Le marché ouest-africain a vu une croissance phénoménale d’importation de poudre de lait écrémé réengraissée avec de la matière grasse végétale, principalement de l’huile de palme (mélange MGV). En 2021, 34,9 % du lait consommé dans la région étaient ainsi des mélanges MGV – plus que le lait de vache local ou tout autre produit laitier. Plus de deux tiers de ces importations sont d’origine européenne. Et elles concurrencent le lait local.
Sur la tribune montée devant le Parlement européen la semaine passée (février 2024) , et face à de nombreux tracteurs, un éleveur laitier belge rappelait qu’il avait une pensée pour les éleveurs d’Afrique de l’Ouest. Ce faisant, il mettait sur la table ce qui a été peu abordé, voire mis sous silence par beaucoup de représentant(e)s du monde agricole européen.
À lire aussi :
Crise agricole : ne nous trompons pas de cible ! : En misant sur la libéralisation des marchés agricoles, la PAC a organisé la précarité de l’agriculture familiale. A fortiori lorsque les produits agricoles sont livrés aux jeux de la spéculation financière.

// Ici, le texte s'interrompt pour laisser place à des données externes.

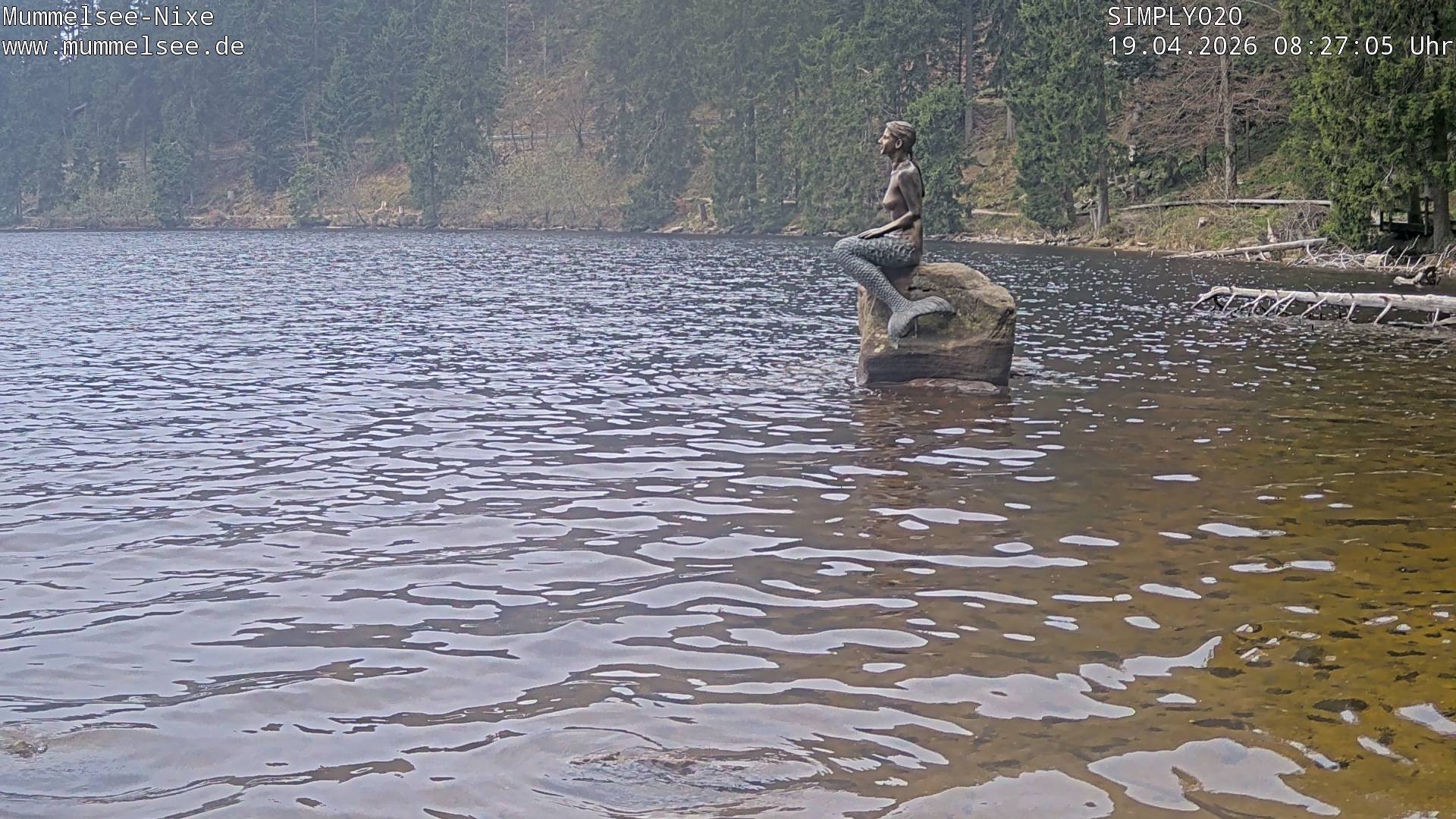 Archived image Webcam Lake Mummelsee - Black Forest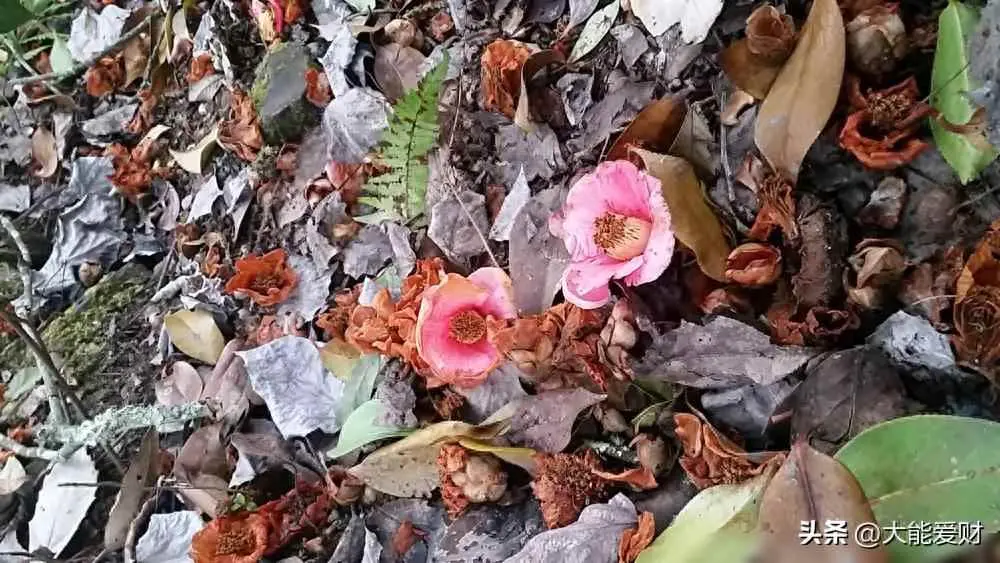 茶花为什么会死掉？茶花花瓣边缘干枯为哪般？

"L’UE est la première puissance agro-exportatrice mondiale et le gaspillage de l’alimentation concerne 30% de la production totale." (Inès Trépant, politologue, auteure de "Biodiversité. Quand les politiques européennes menacent le Vivant" (Yves Michel, 2017).

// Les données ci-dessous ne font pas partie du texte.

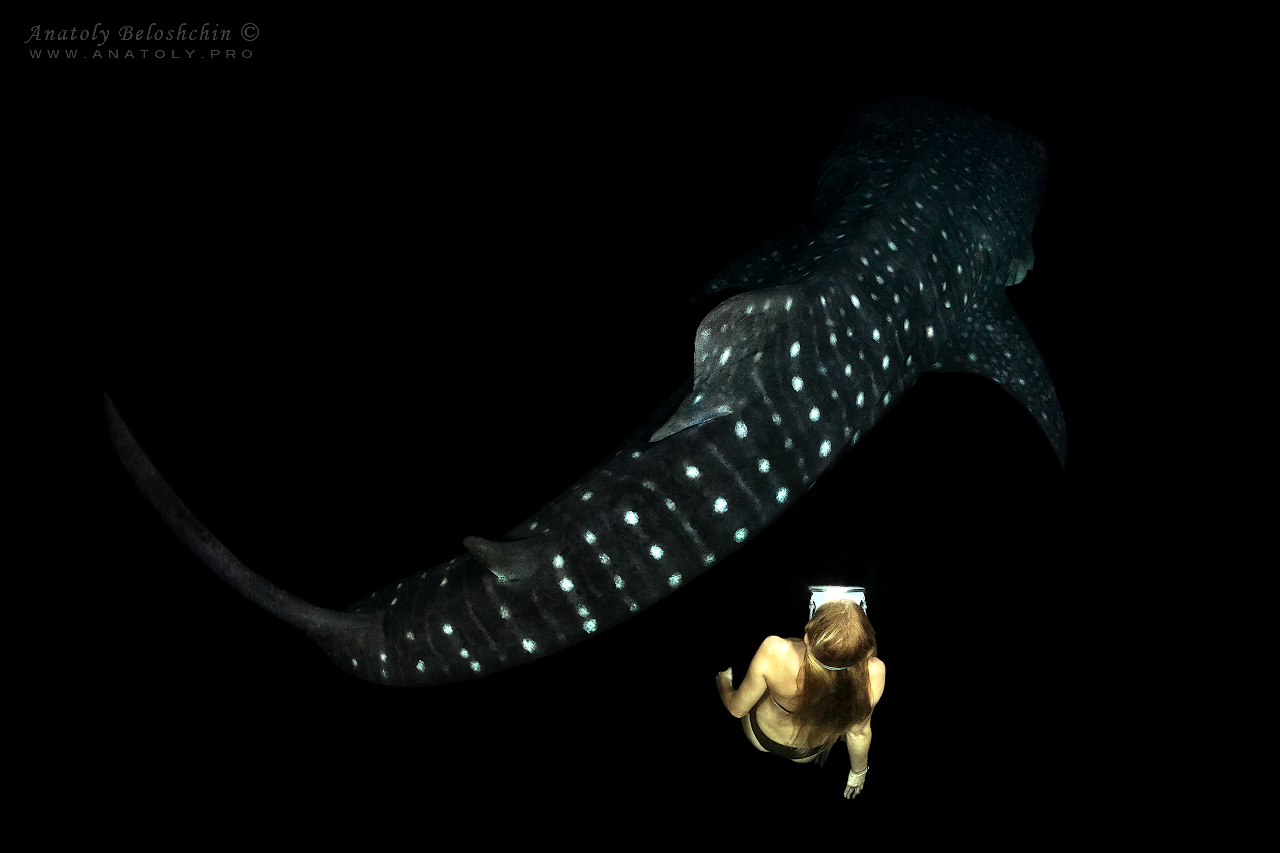Whale shark 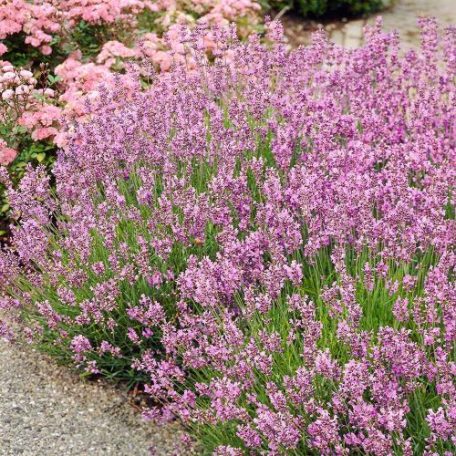 Angol levendula rózsaszín virágú Lavandula ang. Rosea 10-15 cm P14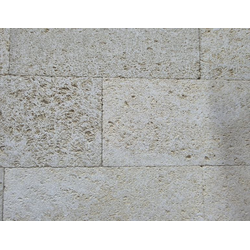 Дербентский ракушечник белый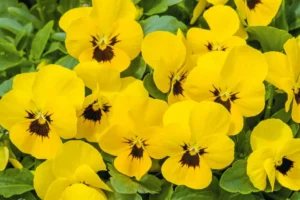 Виола рогатая Petit Yellow / Blotch Early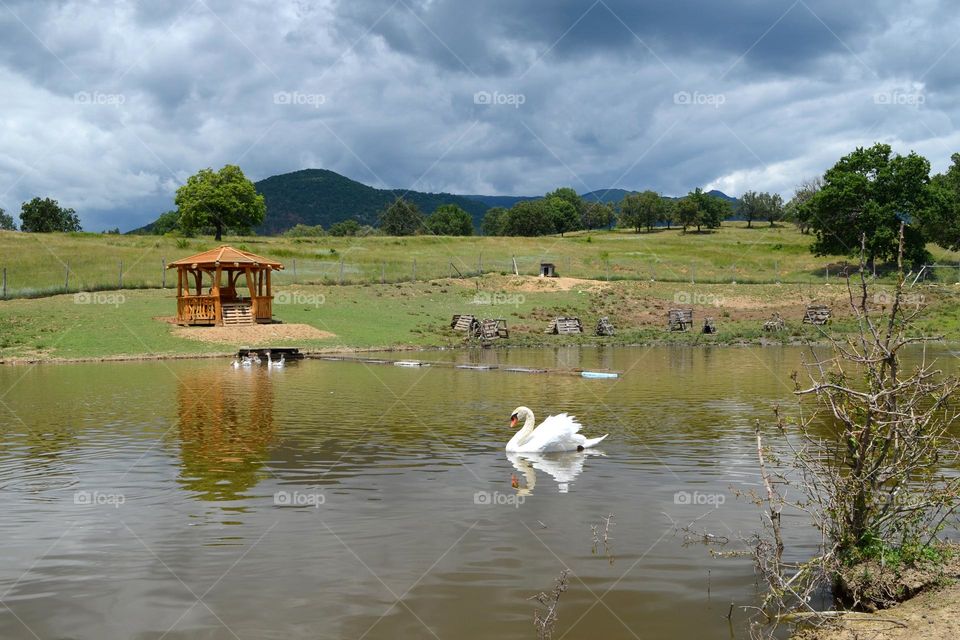 Mission Birds&Bees - Nature in Motion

Cette semaine, une étude réalisée par le Gret et le Cirad examine les exportations européennes de produits laitiers vers l’Afrique de l’Ouest. Une région, où, certes avec des disparités importantes entre pays, l’élevage joue un rôle crucial pour les ménages ruraux et où depuis de nombreuses années on voit la consommation de lait croître sous l’impulsion de la croissance démographique et de l’évolution des régimes alimentaires.
Croissance phénoménale
On y consomme donc de plus en plus de produits laitiers. Bonne nouvelle pour les familles d’éleveurs et de producteurs de lait local ? Seulement très partiellement. Car le marché ouest-africain a vu une croissance phénoménale d’importation de poudre de lait écrémé réengraissée avec de la matière grasse végétale, principalement de l’huile de palme (mélange MGV). En 2021, 34,9 % du lait consommé dans la région étaient ainsi des mélanges MGV – plus que le lait de vache local ou tout autre produit laitier. Plus de deux tiers de ces importations sont d’origine européenne. Et elles concurrencent le lait local, le litre de mélange MGV, appelé abusivement lait, étant vendu 30 à 50 % moins cher que le litre trait à quelques kilomètres. Fortement soutenu par des subventions publiques, le lait européen est un concurrent imbattable.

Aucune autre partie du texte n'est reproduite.